Embora o COC (caderno de orientações curriculares de Macaé - 2012) utilize-se dos

PCN’s de matemática, do LEM e dos PCN's temas transversais, não contempla a lei 10639/03

ou abre precedentes para a utilização de uma etnomatemática que possibilite aos(as) discentes

o contato com o que determina esta lei.

Propomos aqui a utilização de jogos da família Mancala (ou Mankala), como

possibilidade de aplicação da Lei 10639/03 nas aulas de matemática, a fim de desconstruir o

currículo hegemônico e reduzir o abismo entre a Matemática e a vida cotidiana de nossos(as)

discentes, propondo um pensamento interdisciplinar e intercultural a fim de minimizar as

diferenças preconceituosas em prol de uma educação antirracista.

2. METODOLOGIA

O referencial teórico se fundamenta nas discussões da Etnomatemática, Pedagogia e

Currículo Deocoloniais.

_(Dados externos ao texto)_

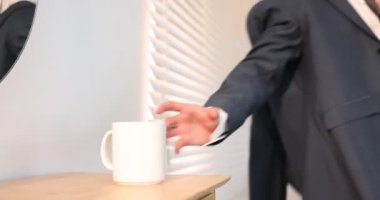 Genç adam bir fincan kahve alıp evde hazırlanıyor, kamera hareket ediyor.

A intervenção ocorreu no CAp-Macaé (Colégio de Aplicação de

Macaé-RJ), na Sala da Matemática Interativa, durante a FECIMAC-2018 (Feira das Ciências

de Macaé)– primeira etapa – nos dias 19 e 20 de junho deste ano. Dentre os jogos e atividades

que haviam na sala, a oficina de jogos de Mancala – Kalah e Oware. O tema da Fecimac-2018

foi “Ciência para a redução das desigualdades”.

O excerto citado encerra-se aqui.